- TASK GOAL -
Please print the entries below exactly, from the line with "Cidade Verde transmite" through the line with "MINHA CARA QUANDO", including both of those lines and leaving out all others.

⁂

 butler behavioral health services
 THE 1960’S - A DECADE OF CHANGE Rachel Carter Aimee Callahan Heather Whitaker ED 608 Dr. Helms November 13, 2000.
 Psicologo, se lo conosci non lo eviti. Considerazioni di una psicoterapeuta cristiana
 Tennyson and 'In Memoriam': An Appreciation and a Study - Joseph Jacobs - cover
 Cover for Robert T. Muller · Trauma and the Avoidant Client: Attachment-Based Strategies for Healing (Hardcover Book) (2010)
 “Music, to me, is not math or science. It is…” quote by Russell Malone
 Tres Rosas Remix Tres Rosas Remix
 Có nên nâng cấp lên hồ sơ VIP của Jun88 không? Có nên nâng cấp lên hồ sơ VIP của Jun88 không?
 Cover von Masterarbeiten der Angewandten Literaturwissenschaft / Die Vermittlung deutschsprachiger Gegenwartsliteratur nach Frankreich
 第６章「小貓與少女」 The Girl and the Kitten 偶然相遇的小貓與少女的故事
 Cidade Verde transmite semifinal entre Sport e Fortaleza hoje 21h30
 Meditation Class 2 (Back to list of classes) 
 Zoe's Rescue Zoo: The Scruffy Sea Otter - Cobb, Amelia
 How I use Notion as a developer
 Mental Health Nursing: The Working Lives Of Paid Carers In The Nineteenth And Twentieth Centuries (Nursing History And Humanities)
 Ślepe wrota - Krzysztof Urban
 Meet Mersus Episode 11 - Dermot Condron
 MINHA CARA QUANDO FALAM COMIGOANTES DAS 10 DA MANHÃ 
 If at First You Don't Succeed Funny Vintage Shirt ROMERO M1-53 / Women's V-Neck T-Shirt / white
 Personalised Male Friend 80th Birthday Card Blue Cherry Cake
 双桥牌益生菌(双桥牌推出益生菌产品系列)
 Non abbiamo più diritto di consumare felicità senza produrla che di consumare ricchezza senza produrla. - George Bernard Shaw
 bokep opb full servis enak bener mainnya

⁂

- EXERCISE RESPONSE -
 Cidade Verde transmite semifinal entre Sport e Fortaleza hoje 21h30
 Meditation Class 2 (Back to list of classes) 
 Zoe's Rescue Zoo: The Scruffy Sea Otter - Cobb, Amelia
 How I use Notion as a developer
 Mental Health Nursing: The Working Lives Of Paid Carers In The Nineteenth And Twentieth Centuries (Nursing History And Humanities)
 Ślepe wrota - Krzysztof Urban
 Meet Mersus Episode 11 - Dermot Condron
 MINHA CARA QUANDO FALAM COMIGOANTES DAS 10 DA MANHÃ 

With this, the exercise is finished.